Data records:
+++
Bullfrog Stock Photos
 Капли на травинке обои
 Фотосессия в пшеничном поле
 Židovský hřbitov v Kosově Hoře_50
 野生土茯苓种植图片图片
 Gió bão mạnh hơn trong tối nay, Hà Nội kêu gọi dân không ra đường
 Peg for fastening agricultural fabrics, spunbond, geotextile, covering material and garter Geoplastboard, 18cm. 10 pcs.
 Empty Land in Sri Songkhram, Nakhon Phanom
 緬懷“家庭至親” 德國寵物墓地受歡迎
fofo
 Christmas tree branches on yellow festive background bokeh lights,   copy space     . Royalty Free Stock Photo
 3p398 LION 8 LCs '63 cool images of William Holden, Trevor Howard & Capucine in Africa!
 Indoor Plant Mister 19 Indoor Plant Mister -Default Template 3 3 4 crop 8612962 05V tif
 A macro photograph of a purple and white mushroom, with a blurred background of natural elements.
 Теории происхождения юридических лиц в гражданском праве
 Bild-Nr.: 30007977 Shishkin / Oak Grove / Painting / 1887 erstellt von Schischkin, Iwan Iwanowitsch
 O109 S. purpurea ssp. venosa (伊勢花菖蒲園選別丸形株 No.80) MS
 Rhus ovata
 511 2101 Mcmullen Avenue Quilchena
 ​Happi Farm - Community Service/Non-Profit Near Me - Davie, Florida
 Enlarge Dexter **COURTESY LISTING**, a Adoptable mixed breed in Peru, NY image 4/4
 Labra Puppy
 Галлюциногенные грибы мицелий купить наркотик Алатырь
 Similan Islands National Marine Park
+++
> _What the exercise asks_
Word for word, restate the lines running from the one containing "511 2101 Mcmullen Avenue Quilchena" through the final line of the records above, and nothing besides.

> _Task solution_
 511 2101 Mcmullen Avenue Quilchena
 ​Happi Farm - Community Service/Non-Profit Near Me - Davie, Florida
 Enlarge Dexter **COURTESY LISTING**, a Adoptable mixed breed in Peru, NY image 4/4
 Labra Puppy
 Галлюциногенные грибы мицелий купить наркотик Алатырь
 Similan Islands National Marine Park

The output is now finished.